Yes. That is really an absurd claim.
I measure positions in the left/right spectrum by class. The CDU definitely does not serve the interests of the working class. It serves parts of the middle class and mostly the upper class. It no longer tries to integrate parts of the working class, which is a difference to Kohl's era. The CDU (like all four mainstream parties) has moved to the right.
In order to actively suppress the left, to introduce authoritarianism and generally disenfranchise large parts of the population one doesn't need racism or the like, although it is useful. Policies excluding certain groups like Jews, Muslims, whatever are useful to shift blame and to create a false image of what is "us" and what is the enemy, but they are not necessary.
"I measure positions in the left/right spectrum by class. "
So the greens are the most right-wing party, then the FDP, then the CDU, then the left, then the SPD. If we look at the class - income, education - of their voters.
Whatever: Even if the CDU is on economic issues to the right of the Kohl era, - and even that can be doubted - they are still a center right party. To the left of the republicans or the tories or most right-wing parties in eastern europe. And even if you try to ignore them, non-economic issues are relevant to the voters.
"In order to actively suppress the left, to introduce authoritarianism and generally disenfranchise large parts of the population one doesn't need racism or the like, although it is useful. Policies excluding certain groups like Jews, Muslims, whatever are useful to shift blame and to create a false image of what is "us" and what is the enemy, but they are not necessary."
Have you any recent examples? A political party needs a mass basis and to get one, the hard right-.wing party will play some sort of identity politics against an "other". Is there even one non-xenophobe right-wing party now in Europe? I can't think of one.
Their voters vote nazi or they don't vote at all. Unlike the uglies in other countries that are no longer antisemitic, the NPD is. Their voters would have problems to switch to Islamophobian and racist and pro-Israeli Wilders (if they could).
"And even if you try to ignore them, non-economic issues are relevant to the voters."
I don't ignore non-economic issues, I just call them irrelevant to the position in the left/right spectrum.
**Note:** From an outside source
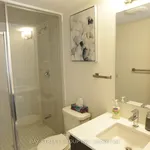 Rent 4 bedroom apartment in Richmond Hill (Jefferson)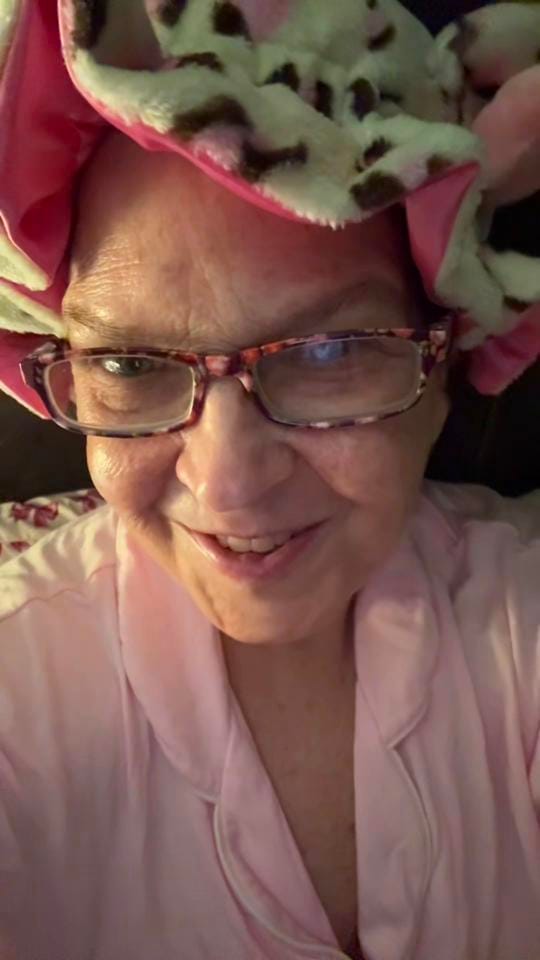 Post 7 by justadablife on TikTok (video)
There are some issues where the left and liberals (even market-Taliban liberals) agree, gay rights, for instance. That doesn't make me a market-Taliban, though. On ecological issues I agree with parts of the conservative spectrum.
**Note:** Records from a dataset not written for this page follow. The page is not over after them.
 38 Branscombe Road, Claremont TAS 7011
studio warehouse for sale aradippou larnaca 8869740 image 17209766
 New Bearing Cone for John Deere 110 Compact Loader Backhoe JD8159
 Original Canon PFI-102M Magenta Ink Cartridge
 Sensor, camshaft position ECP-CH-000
"Is there even one non-xenophobe right-wing party now in Europe? I can't think of one."
Parts of the EPP spectrum meander very much there. The CDU knows of course that there are many elderly, conservative, religious, middle-class immigrants of Turkish origin: exactly what they need as voters. In urban centres they try to integrate these immigrants, in rural parts they give vent to open Islamophobia. This is congruent with regional attitudes: most racism is where fewest immigrants are. In Germany most xenophobia is found in East Germany and rural West Germany, because most immigrants live in larger West German cities.
Thanks to neoliberalism the working class is atomised. There is no longer much that a skilled worker with a real job with full social insurance has in common with a temporary worker who gets less than the living wage. There is no working class solidarity to be broken up. The need for the identity politics is lower. It's still there: think of Sarrazin's scaremongering of the Arab immigrant benefit-scrounger producing one little "headscarf-girl" after the other. It is not central or necessary for the message, though. The message is one of social darwinism, not of race or religion.
When people talk about Merkel's "shift to the left", they mean civil liberties and they mean women's integration into the labour force. This is not exclusively the domain of the left though. It is an issue of modernity and the attempt to catch younger voters who don't live the traditional family roles.